Ce jeudi, le roi Philippe, accompagné des 140 membres de la délégation belge, a été accueilli dans la capitale par le président Cyril Ramaphosa. Un chef d’État belge n’avait plus effectué de visite d’État en Afrique subsaharienne depuis 44 ans.

Philippe et Mathilde se sont ensuite recueillis devant le Freedom Park, un mémorial où sont gravés dans la pierre les noms de tous les Sud-Africains tués pendant les différents conflits qu’a connus le pays, et en particulier durant l’apartheid. Le couple royal a été accueilli par une jeune femme qui a récité l’imbongi, une prière poétique Xhosa traditionnelle très sonore et intimidante.

L’ombre de Nelson Mandela

Dans la plupart des discours et des visites planent l’ombre de Madiba (surnom de Nelson Mandela), le père de la nation arc-en-ciel. Le roi Philippe ne cache pas son admiration pour l’ancien président sud-africain, qu’il a rencontré dès 1994.

Le Roi se rend en Afrique du Sud pour la première visite d’État sur le continent africain depuis 44 ans

Cet attachement n’a pas échappé au président Ramaphosa qui a mentionné dans son discours les propos tenus par le roi Philippe, en 2013, lors de son premier discours de noël. “Mandela nous a montré que le dialogue et la réconciliation peuvent changer le monde. Puisse cette force intérieure être aussi la nôtre”, avait alors déclaré Philippe.

Guerre en Ukraine : “L’Afrique du Sud peut jouer un rôle”

En filigrane de cette visite figurait également la position de l’Afrique du Sud, qui s’est abstenue en février de voter en faveur des résolutions de l’ONU sur le conflit en Ukraine et se dit neutre.

Jeudi soir, lors du banquet d’État, le roi Philippe a rappelé au président que “la Belgique prône le respect de la souveraineté de chaque nation et condamne toute atteinte à l’intégrité territoriale d’un État”. Il a toutefois tendu une perche en se déclarant convaincu que “l’Afrique du Sud peut jouer un rôle à contribuer à une résolution de l’actuel conflit en Ukraine”.

Guerre en Ukraine : les menaces de Medvedev en cas d’arrestation de Vladimir Poutine

La ministre belge des Affaires étrangères, interrogée par La Libre, n’a pas dit autre chose. “Notre message principal au président et à la ministre sud-africaine des Affaires étrangères ce jeudi est qu’on ne peut admettre qu’un État en envahisse un autre et piétine toutes les règles du droit international et de la charte des nations unies dont l’Afrique du Sud est partie prenante, a pointé Hadja Lahbib (MR).

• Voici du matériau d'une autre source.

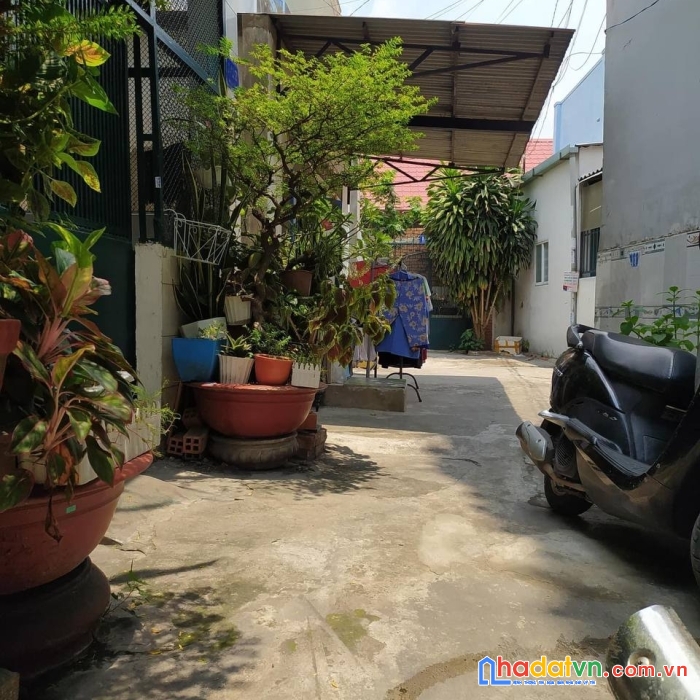 Bán nhà 2 tầng, hẻm ba gác 4m, đường đoàn giỏi, 50m2 giá chỉ 3.6 tỷ tl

L’Afrique du Sud a une position d’équilibriste, de neutralité qui, nous l’espérons, pourrait amener à un moment donné à un dialogue avec la Russie. Nous avons demandé aux Sud-africains qu’ils activent leurs voies de communication pour intercéder et faire entendre raison à la Russie et à Vladimir Poutine. Puisque, eux, ont encore des discussions avec Vladimir Poutine mais aussi avec Volodymyr Zelensky. Qui sait, la solution à cette terrible guerre aux portes de l’Union européenne trouvera peut-être une solution ici, via cette position de neutralité. C’est crucial de maintenir le dialogue avec des pays sensibles à des narratifs différents.”

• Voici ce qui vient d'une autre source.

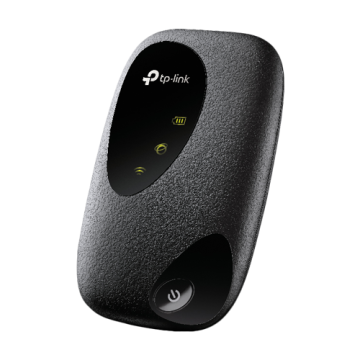 Router portabil 4G, wi-fi 4, SIM, baterie 2000 mAh - TP-Link de la Big IT Solutions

Booster les échanges économiques

Outre ces questions cruciales, le cœur de la visite d’État est surtout économique.

”L’Afrique du Sud a des plans ambitieux pour moderniser ses infrastructures en investissant dans l’expansion des ports, des chemins de fer et des réseaux routiers. Ces projets nécessiteront des investissements importants et il existe des opportunités pour les entreprises belges ayant une expertise dans ces secteurs de s’y joindre”, a pointé le président Sud-africain devant un parterre de businessman.

La visite d’État belge présente un enjeu important pour l’Afrique du Sud, qui souhaite booster les échanges économiques avec la Belgique, dixième client commercial – et troisième au niveau de l’Union européenne. Et pour son président en particulier.

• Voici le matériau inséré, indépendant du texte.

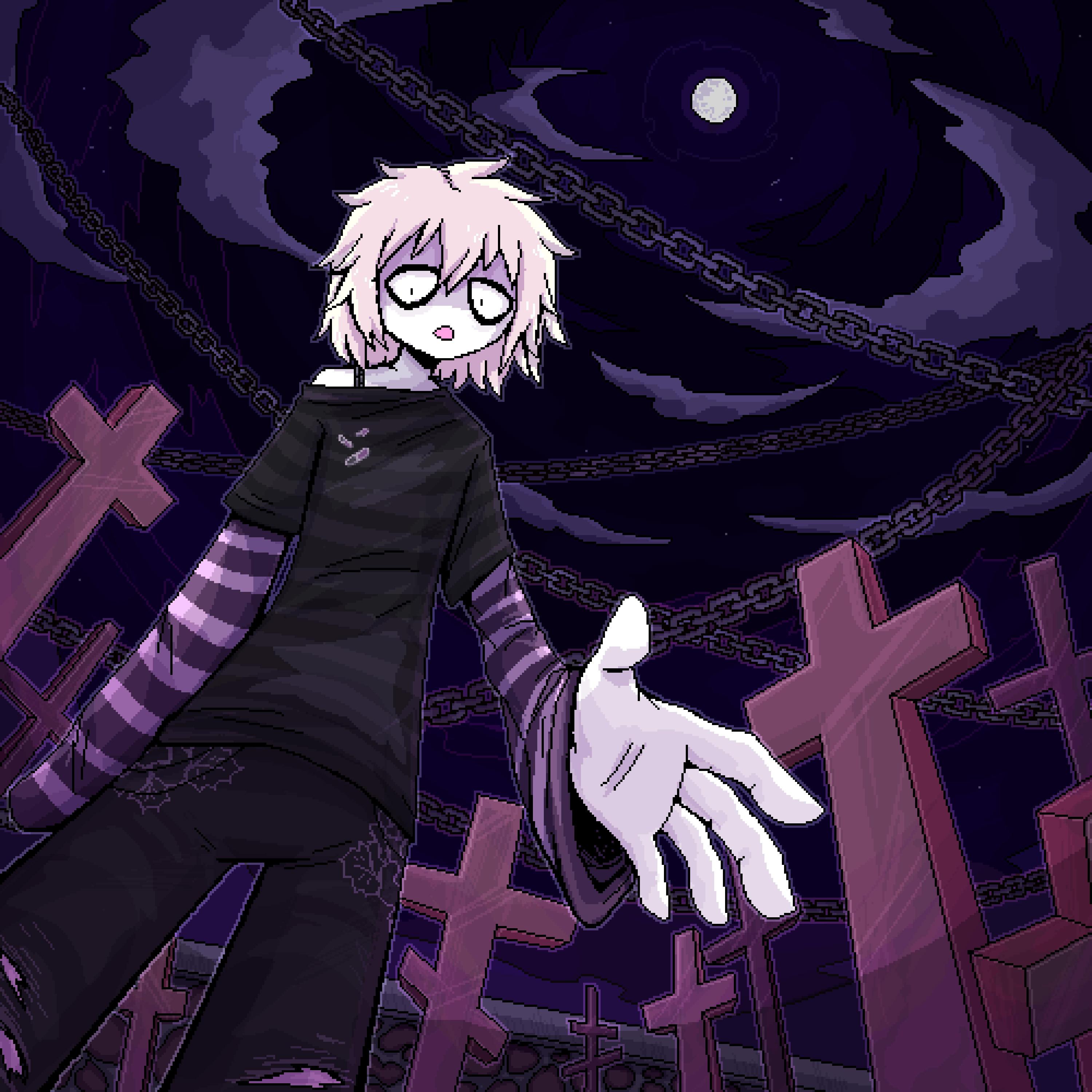 Graveyard (feat. disoc8 & gutzxx)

Car l’étoile de cet ancien militant anti-apartheid, distingué par Nelson Mandela, puis reconverti en businessman – il est l’un des hommes les plus riches d’Afrique – a pâli. Cyril Ramaphosa, membre de l’ANC, a été éclaboussé récemment par un scandale au parfum de corruption, et doit composer en plus avec une crise énergétique interne majeure.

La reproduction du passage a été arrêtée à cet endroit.